岸田文雄首相は31日午後の衆院予算委員会で、最重要政策と位置付ける少子化対策の一環として、子育て世帯の教育負担軽減策を検討する意向を示した。安全保障関連3文書で保有を明記した反撃能力(敵基地攻撃能力)については「憲法違反には当たらない」と述べ、重ねて理解を求めた。
政府は少子化対策の検討に当たり、児童手当など経済支援の充実▽子育てサービス拡充▽働き方改革―を柱とする方針を示している。首相は「三つの柱を中心に、さらに教育をはじめさまざまな政策を組み合わせたい」と言明。「教育負担の軽減に努力することは社会の一体感を考える上で大切な課題だ」とも語った。具体策には言及しなかった。日本維新の会の岩谷良平氏への答弁。
子どもの多い世帯ほど所得税負担が軽くなるフランスの「N分N乗(世帯課税)方式」については、「税負担の軽減が高額所得者に、より(多く)及ぶことになる」と述べ、慎重な姿勢を示した。国民民主党の浅野哲氏が導入への課題を尋ねたのに対して答えた。
首相は、反撃能力の保有は従来の憲法解釈と矛盾しないとの考えを強調。
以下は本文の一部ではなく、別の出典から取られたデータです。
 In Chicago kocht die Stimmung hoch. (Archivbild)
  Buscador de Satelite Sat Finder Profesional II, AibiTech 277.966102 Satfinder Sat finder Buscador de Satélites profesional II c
北朝鮮のミサイル保有状況などを念頭に、「反撃能力は国民の命を守るための必要最小限の措置に当たる、という憲法解釈を取る」と説明した。
共産党の志位和夫委員長は、米軍の「統合防空ミサイル防衛(IAMD)」に自衛隊が組み込まれるのではないかと指摘した。これに対し、首相は「自衛隊と米軍はおのおの独立した指揮系統で行動する」と述べた。
憲法改正に関し、首相は「(改憲)発議に向け、国会の議論で(各党と)スケジュールも共有しながら前に進める取り組みを期待する」と表明。安定的な皇位継承の在り方については「(各党内で)引き続き議論は行われるべきだ」との認識を示した。いずれも維新の藤田文武幹事長への答弁。